The `data` object is a list that contains two dict. The second element is a report of the structure.

In [12]:
data[1]

{'type': 'report', 'directories': 2949, 'files': 7}

The first is the tree structure of depth 2. The label `"contents"` is of interest to us. It is a list of subdirectories, those of level 1.

In [16]:
len(data[0]["contents"])

150

I want to extract the names of the directories of level 2, to have a rough idea of what is available. I will use the set data structure in order to quickly deal with duplicates.

In [29]:
level_2_names = set()
level_2_files = set()

In [30]:
level_1 = data[0]["contents"]

Here is a sample of a level 1 dir

In [31]:
level_1[0]

{'type': 'directory',
 'name': 'allen-p',
 'contents': [{'type': 'directory', 'name': 'all_documents'},
  {'type': 'directory', 'name': 'contacts'},
  {'type': 'directory', 'name': 'deleted_items'},
  {'type': 'directory', 'name': 'discussion_threads'},
  {'type': 'directory', 'name': 'inbox'},
  {'type': 'directory', 'name': 'notes_inbox'},
  {'type': 'directory', 'name': 'sent'},
  {'type': 'directory', 'name': 'sent_items'},
  {'type': 'directory', 'name': '_sent_mail'},
  {'type': 'directory', 'name': 'straw'}]}

In [32]:
for folder in level_1:
    sub = folder["contents"]
    for subsub in sub:
        if subsub["type"] == "directory":
            level_2_names.add(subsub["name"])
        else:
            level_2_files.add((folder["name"],subsub["name"]))

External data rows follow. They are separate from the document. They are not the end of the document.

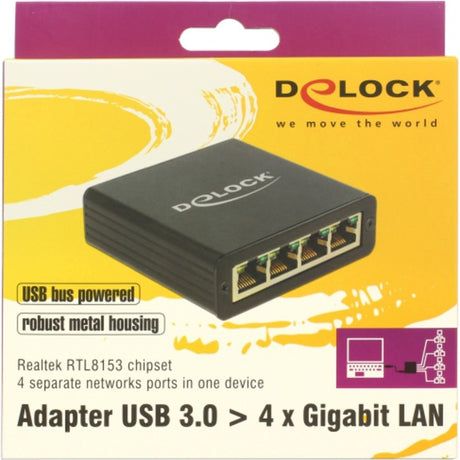Delock USB 3.0 > 4x gigabit LAN adapter (black, 80 centimeters)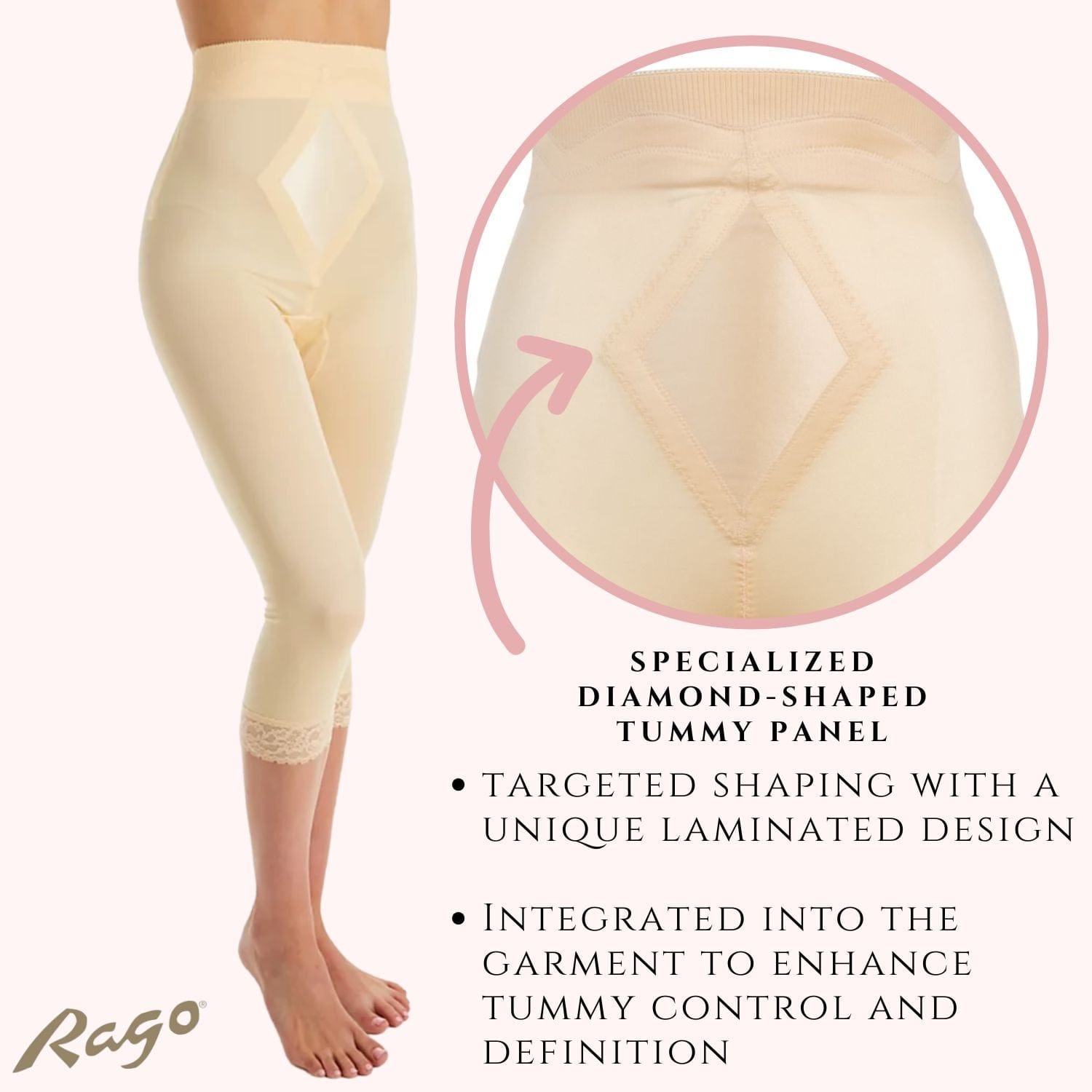 Style 6266 | High Waist Capri Pant Liner with Tummy Control Satin Panel | Memory Compression Fabric | Medium Support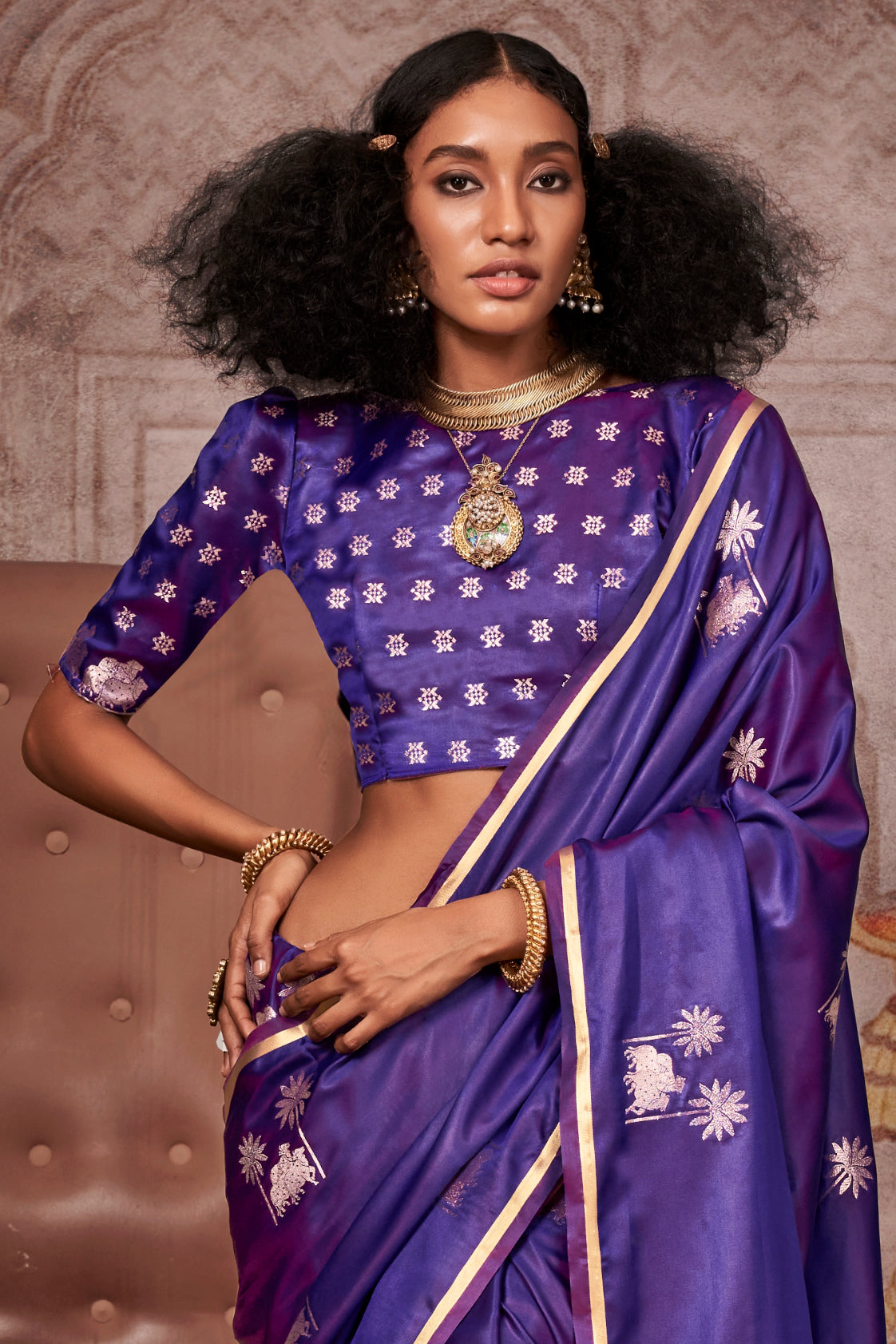 Purple Woven Satin Silk Saree-ZB133536_2_SareeButa.com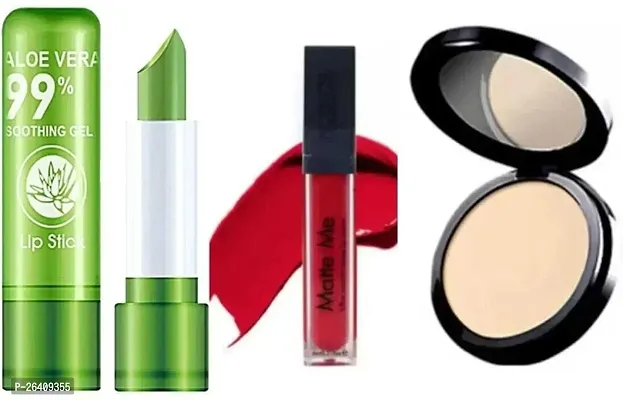 Tilkor Alouvera Lip, Matt Mee Lipstick And Compact- Set Of 3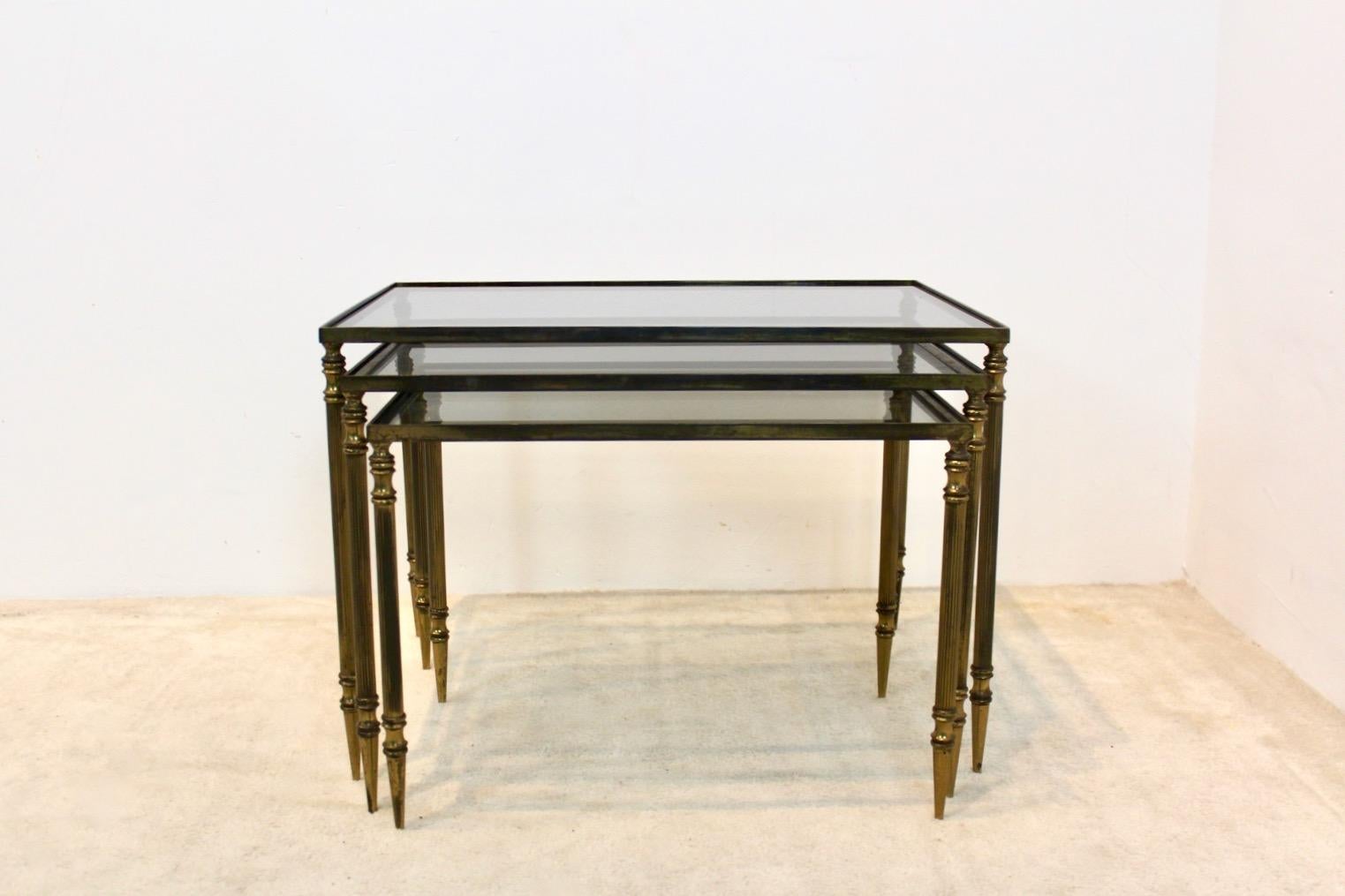 Mid-Century Modern Luxurious Set of Maison Charles Nesting Tables For Sale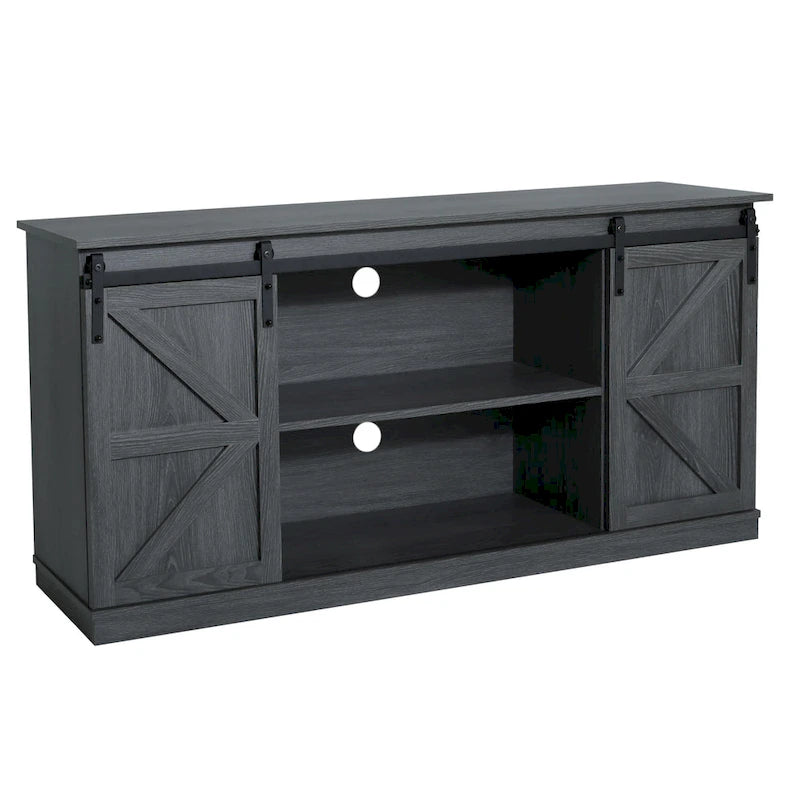 62.4" Farmhouse TV Stand with Sliding Barn Doors - Wood Media Console for TVs up to 60" - 400 lbs Capacity with Storage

The files in `level_2_files` are mails that are not classified.

In [34]:
level_2_files

{('baughman-d', '1.'),
 ('corman-s', '1.'),
 ('lokay-m', '1.'),
 ('richey-c', '1.'),
 ('scholtes-d', '1.'),
 ('shively-h', '1.'),
 ('shively-h', '2.')}

I went trough these emails. Some of them look like spams but others are relevant emails (from enron to enron employees). So we should keep them. I would think that these email weren't processed in time.

The set `level_2_names` contains the names of level 2 folders

In [36]:
len(level_2_names)

1425

It is quite a long set and I feel that it may be untreatable by hand. Do we need to include it in the data? Or is this info already present in the email files?

Yes it is in the header under the field `X-Folder`

NOTE: when you open a mail in some app, you may find the char `^M` at the end of lines. This is the symbol used by windows to indicate the return character.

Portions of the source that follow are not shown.